DATA PROVIDED:
......
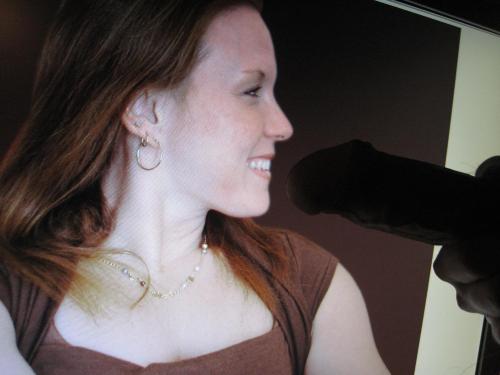 redheadfacial:  She gives good screen, it would seem… 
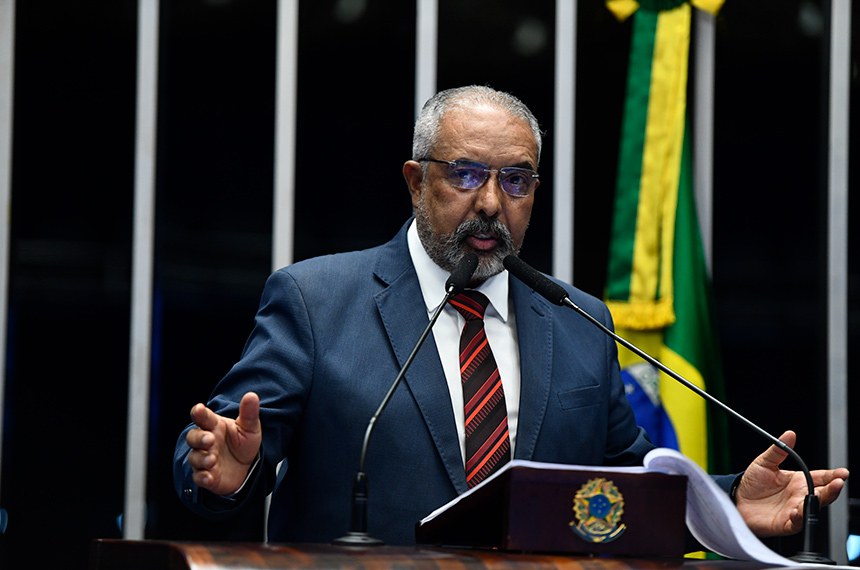 Em discurso, à tribuna, senador Paulo Paim (PT-RS).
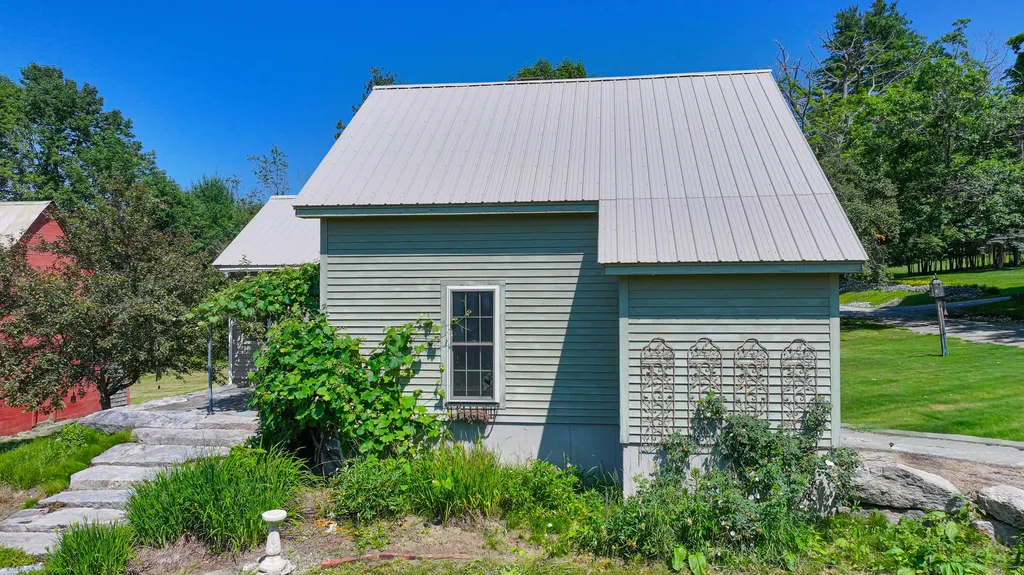 19 Ledge Hill Road Sweden ME 04040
......
YOUR INSTRUCTIONS: Your task is to write out, exactly and without pictures, only the lines from the one holding "Em discurso, à" to the last line of the data.

TASK SOLUTION:
 Em discurso, à tribuna, senador Paulo Paim (PT-RS).
 19 Ledge Hill Road Sweden ME 04040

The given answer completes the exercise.